**TASK MATERIAL**
______

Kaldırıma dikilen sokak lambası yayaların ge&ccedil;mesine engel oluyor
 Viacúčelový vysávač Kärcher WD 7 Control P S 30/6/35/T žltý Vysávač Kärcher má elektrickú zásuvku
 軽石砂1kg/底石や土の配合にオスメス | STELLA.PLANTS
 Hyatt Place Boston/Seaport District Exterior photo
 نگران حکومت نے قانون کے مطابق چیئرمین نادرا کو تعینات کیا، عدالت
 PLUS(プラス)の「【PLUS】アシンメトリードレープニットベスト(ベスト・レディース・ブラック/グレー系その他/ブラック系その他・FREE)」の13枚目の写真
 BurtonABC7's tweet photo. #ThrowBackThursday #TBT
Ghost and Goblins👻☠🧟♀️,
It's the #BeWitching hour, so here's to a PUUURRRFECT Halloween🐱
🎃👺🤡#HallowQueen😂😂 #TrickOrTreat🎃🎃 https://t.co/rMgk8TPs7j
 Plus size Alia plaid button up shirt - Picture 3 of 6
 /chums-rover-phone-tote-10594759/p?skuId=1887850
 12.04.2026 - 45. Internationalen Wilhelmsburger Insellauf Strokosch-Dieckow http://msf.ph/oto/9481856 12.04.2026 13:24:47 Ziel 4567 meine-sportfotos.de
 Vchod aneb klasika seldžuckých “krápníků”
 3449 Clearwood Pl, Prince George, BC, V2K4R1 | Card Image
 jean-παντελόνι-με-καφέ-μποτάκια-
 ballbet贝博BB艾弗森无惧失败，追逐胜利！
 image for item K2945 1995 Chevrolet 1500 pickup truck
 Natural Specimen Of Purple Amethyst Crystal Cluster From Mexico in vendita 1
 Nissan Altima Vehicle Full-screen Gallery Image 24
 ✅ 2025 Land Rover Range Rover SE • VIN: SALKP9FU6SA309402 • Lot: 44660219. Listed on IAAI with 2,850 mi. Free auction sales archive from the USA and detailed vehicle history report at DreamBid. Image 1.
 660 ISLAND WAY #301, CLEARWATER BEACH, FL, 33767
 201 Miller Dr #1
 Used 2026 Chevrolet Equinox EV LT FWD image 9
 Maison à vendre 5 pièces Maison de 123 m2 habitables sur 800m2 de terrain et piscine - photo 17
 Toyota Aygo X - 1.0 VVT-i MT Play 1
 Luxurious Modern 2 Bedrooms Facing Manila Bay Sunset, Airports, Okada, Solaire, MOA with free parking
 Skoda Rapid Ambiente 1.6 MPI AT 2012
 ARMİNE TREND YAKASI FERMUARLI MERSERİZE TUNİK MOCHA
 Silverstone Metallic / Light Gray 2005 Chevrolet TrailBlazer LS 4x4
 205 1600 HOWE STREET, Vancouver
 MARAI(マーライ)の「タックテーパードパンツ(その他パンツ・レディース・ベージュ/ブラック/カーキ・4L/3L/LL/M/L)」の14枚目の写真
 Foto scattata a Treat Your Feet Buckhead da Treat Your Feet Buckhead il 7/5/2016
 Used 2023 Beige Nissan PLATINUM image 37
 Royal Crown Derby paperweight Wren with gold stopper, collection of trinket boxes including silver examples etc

______

**EXERCISE DIRECTIONS**
The line containing "ballbet贝博BB艾弗森无惧失败，追逐胜利！" marks the end. Please print exactly every line from the top of the data to it, both included, and nothing more.

**FINISHED EXERCISE**
Kaldırıma dikilen sokak lambası yayaların ge&ccedil;mesine engel oluyor
 Viacúčelový vysávač Kärcher WD 7 Control P S 30/6/35/T žltý Vysávač Kärcher má elektrickú zásuvku
 軽石砂1kg/底石や土の配合にオスメス | STELLA.PLANTS
 Hyatt Place Boston/Seaport District Exterior photo
 نگران حکومت نے قانون کے مطابق چیئرمین نادرا کو تعینات کیا، عدالت
 PLUS(プラス)の「【PLUS】アシンメトリードレープニットベスト(ベスト・レディース・ブラック/グレー系その他/ブラック系その他・FREE)」の13枚目の写真
 BurtonABC7's tweet photo. #ThrowBackThursday #TBT
Ghost and Goblins👻☠🧟♀️,
It's the #BeWitching hour, so here's to a PUUURRRFECT Halloween🐱
🎃👺🤡#HallowQueen😂😂 #TrickOrTreat🎃🎃 https://t.co/rMgk8TPs7j
 Plus size Alia plaid button up shirt - Picture 3 of 6
 /chums-rover-phone-tote-10594759/p?skuId=1887850
 12.04.2026 - 45. Internationalen Wilhelmsburger Insellauf Strokosch-Dieckow http://msf.ph/oto/9481856 12.04.2026 13:24:47 Ziel 4567 meine-sportfotos.de
 Vchod aneb klasika seldžuckých “krápníků”
 3449 Clearwood Pl, Prince George, BC, V2K4R1 | Card Image
 jean-παντελόνι-με-καφέ-μποτάκια-
 ballbet贝博BB艾弗森无惧失败，追逐胜利！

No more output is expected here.